Mint chocolate chip feels as impossible to me as passing the Prophets exam at Solomon Schechter Day School. The very idea of a maple walnut or a Swiss almond chocolate is absurd; it is not for the girl that tiptoes to the back of the school bus, the girl that avoids the teacher’s gaze. There is no precedent for these flavors, for the work of committing to one of them.

My pony-tailed cousin (now a senior vice-president at Sotheby’s) declares herself a chocolate person.

My cousin is the first in a long series of one-on-one friendships. There is a safety to two, I decide, a protective netting. A private language evolves, the workload is shared.

By contrast, a configuration of three collapses the symmetry of two. Intimacies, once swapped, can now be betrayed. There’s a danger to being the one thrust out of the group, the one left on her own.

Two friends can play with dolls long after the respectable age for Barbie-wielding has passed. Two friends can put on a Vegas-style show, and share the role of Debbie Harry. Two friends can babysit one another when parents are taking TOEFL exams, or volunteering to stay late at new jobs or when they are simply, mysteriously absent. If one friend looks out for stragglers in the school hallway, the other can skim lunch boxes of onion rings and cupcakes, the kind of foods immigrant mothers do not yet comprehend.

When I enroll at Solomon Schechter, my cousin has a boyfriend and a group of friends. They despise me, these friends, they are repelled by my taupe corduroy pants, my crooked teeth, carefully combed hair.

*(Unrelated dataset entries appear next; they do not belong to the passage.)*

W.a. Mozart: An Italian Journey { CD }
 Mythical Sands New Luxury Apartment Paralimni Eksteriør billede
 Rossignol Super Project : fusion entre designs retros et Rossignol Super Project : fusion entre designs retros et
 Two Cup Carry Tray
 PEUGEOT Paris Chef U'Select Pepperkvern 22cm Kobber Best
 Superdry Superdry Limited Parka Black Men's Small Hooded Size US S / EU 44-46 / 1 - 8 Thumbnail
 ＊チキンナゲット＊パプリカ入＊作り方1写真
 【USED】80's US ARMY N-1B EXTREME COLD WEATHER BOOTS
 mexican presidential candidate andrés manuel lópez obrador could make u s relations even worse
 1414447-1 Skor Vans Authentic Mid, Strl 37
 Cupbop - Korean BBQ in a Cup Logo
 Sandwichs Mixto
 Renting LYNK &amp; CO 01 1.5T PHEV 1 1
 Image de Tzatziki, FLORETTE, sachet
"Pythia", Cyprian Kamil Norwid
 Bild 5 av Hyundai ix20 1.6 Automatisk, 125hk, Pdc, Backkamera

They glare at me in the cafeteria, they see me hold my prayer book upside down. My cousin gives them all up for me.

They find ways to retaliate.

“Lesbians! ”

We scurry, ashamed.

Are there concepts more threatening in junior high school than a self-sufficient group of two?

“Where one sorrow should bury another, two sorrows coexist instead, face-to-face,” André Aciman writes.

My parents and I arrive in the United States with one set of grandparents, the paternal grandparents, but by 1987, a second set takes the place of the first. The paternal grandparents are from Moscow, the maternal from a small village in Ukraine. The Muscovites, pale and overweight, buckle before old age, the Ukrainian farmer and his rural schoolteacher wife, who survived two and a half years in a ghetto during World War II, are onto its tricks. By the time the Ukrainians arrive, the Muscovites are gone.

It is as though one pair is handed to me as the other is taken away. These new grandparents love in beets and potatoes, the root vegetables of winter, of deprivation.